Volume, variety, and velocity might make problematic what an enterprise wants to do, but these three are only a few of the problem variables. Here, again, the 3 Vs are insufficient.

Third Nature's Madsen, for his part, says he mostly agrees with this formulation, at least as a litmus test for big data problems. He's less sanguine than is Demarest about the 3 Vs, however.

"The 3 Vs are attached to big data as if they contain explanatory power and [an] ability to tie a product to one or more 'values' of the esteemed product in question. I'd say this is partially true at best," he observes. Madsen's biggest beef with the 3 Vs is that they're usually adduced as Something New.

"I see the 3 Vs being used to explain change over time or a break from the past: there's more, it's faster, and it's different," he points out. "As [Gartner's] Laney [has] pointed out, he wrote that stuff a decade or so ago, and was simply writing about the burgeoning data in the data warehousing and business intelligence world."
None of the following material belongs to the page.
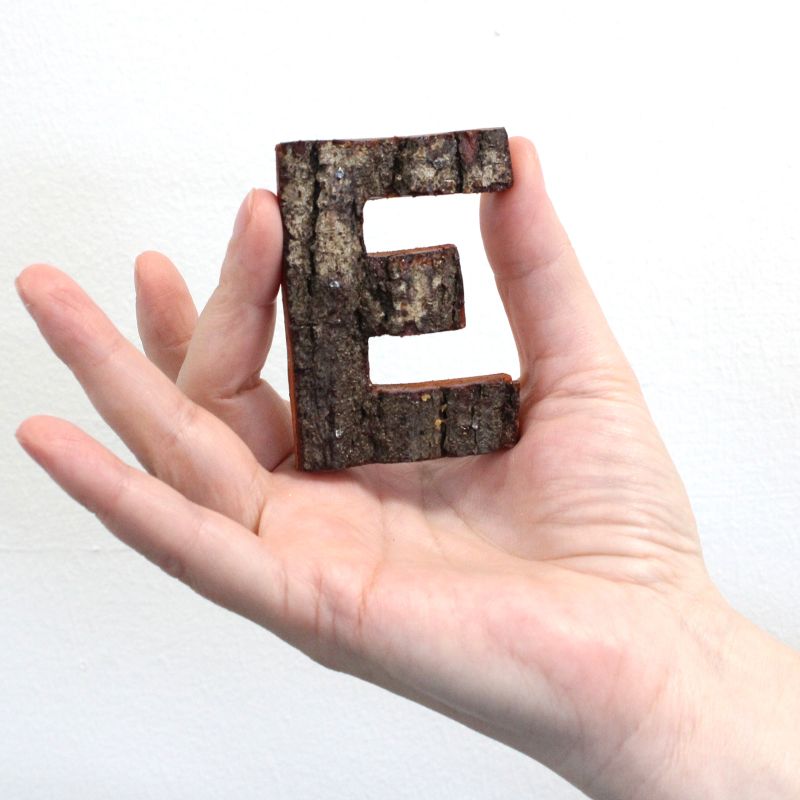 Rustieke Schors Letter - E  - 7cm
Madsen uses the example of "expanding" or of "exploding" data volumes, which are usually advanced as Exhibit A in any discussion of big data and its 3 Vs. Trouble is, they've been consistently and predictably "expanding" (or "exploding," "skyrocketing," and so on) for years.

In the present case, he argues, data volumes are (if anything) expanding in a different context: that of the Web 2.0 or the collaborative/social world. To some extent, the response to this involves reprising or retrofitting practices -- i.e., technologies, concepts, and methods -- that were developed to manage traditional (relational, hierarchical, semi-structured) data sources.

That's why we're seeing the DBMS-ification of Hadoop, Madsen concludes, somewhat tongue in cheek. "[Hadoop is] re-evolving exactly like the DB industry: Schema? Check. Indexes? Check. Catalog? Check. Random lookup? Check. SQL-like interface? Check. And so it goes."